São Paulo, a maior cidade da América Latina, esteve no início de setembro no topo da lista de cidades mais poluídas do mundo, segundo a empresa suíça IQAir, devido à fumaça resultante dos incêndios.

Boa parte do Brasil segue envolta nesta nuvem de fumaça tóxica, que se estendeu aos países vizinhos e chegou a Montevidéu e Buenos Aires, onde provocou um fenômeno conhecido como "chuva negra".

Com índices de qualidade do ar que ultrapassam os níveis recomendados pela Organização Mundial de Saúde (OMS), muitos moradores de cidades brasileiras relatam doenças respiratórias e sintomas como ardência nos olhos.

O ar da cidade boliviana de Santa Cruz está em uma condição "extremamente ruim" e as autoridades de saúde recomendaram o uso de máscaras.

Os impactos também são sentidos na economia: as perdas no setor do agronegócio foram avaliadas em R$ 14,7 bilhões entre junho e agosto, em sua maioria nos cultivos de cana-de-açúcar que foram atingidos pelas chamas, segundo o sindicato.

No Equador, mais de dois meses sem chuvas deixaram o país em um "déficit hidráulico" e sob o racionamento de energia.
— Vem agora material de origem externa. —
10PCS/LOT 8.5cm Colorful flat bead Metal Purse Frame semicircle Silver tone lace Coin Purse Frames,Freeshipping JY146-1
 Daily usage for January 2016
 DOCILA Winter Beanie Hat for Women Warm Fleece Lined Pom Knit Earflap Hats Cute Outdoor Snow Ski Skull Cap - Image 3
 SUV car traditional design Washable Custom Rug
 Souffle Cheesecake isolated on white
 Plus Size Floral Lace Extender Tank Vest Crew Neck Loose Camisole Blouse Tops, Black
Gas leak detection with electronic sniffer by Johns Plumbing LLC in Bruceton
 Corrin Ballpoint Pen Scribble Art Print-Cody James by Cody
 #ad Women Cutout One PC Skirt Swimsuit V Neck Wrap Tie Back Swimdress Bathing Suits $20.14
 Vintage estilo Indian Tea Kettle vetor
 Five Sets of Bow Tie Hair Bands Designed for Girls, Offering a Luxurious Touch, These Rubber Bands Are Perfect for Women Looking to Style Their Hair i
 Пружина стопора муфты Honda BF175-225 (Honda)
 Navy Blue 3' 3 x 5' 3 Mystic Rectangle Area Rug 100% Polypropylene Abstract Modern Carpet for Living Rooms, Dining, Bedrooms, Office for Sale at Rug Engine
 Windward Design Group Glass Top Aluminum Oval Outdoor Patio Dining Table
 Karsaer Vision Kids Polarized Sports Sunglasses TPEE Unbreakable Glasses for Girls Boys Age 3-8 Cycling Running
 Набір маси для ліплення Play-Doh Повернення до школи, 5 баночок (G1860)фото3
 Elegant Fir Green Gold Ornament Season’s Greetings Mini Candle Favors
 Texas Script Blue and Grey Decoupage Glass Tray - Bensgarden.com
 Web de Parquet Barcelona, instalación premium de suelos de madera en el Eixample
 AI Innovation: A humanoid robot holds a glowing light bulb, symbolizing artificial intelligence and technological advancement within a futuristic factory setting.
Quase 45.000 cabeças de gado morreram.

- O que os governos estão fazendo? -

Milhares de bombeiros e militares foram mobilizados. Espanha e Venezuela, um dos poucos países da região que não foi atingido pelas chamas, enviaram especialistas à Bolívia.

"Todos querem contratar milhares de bombeiros, comprar aviões, etc. Tudo bem, mas é muito pouco e chega tarde demais", critica Berenguer.

"Precisamos prevenir os incêndios, porque uma vez que ganham força, são muito difíceis de combater", acrescenta a especialista, ao defender a contenção do desmatamento e a redução das emissões de gases de efeito estufa.

Segundo Berenguer, "a maioria dos modelos climáticos mostra que estes eventos serão cada vez mais intensos e frequentes".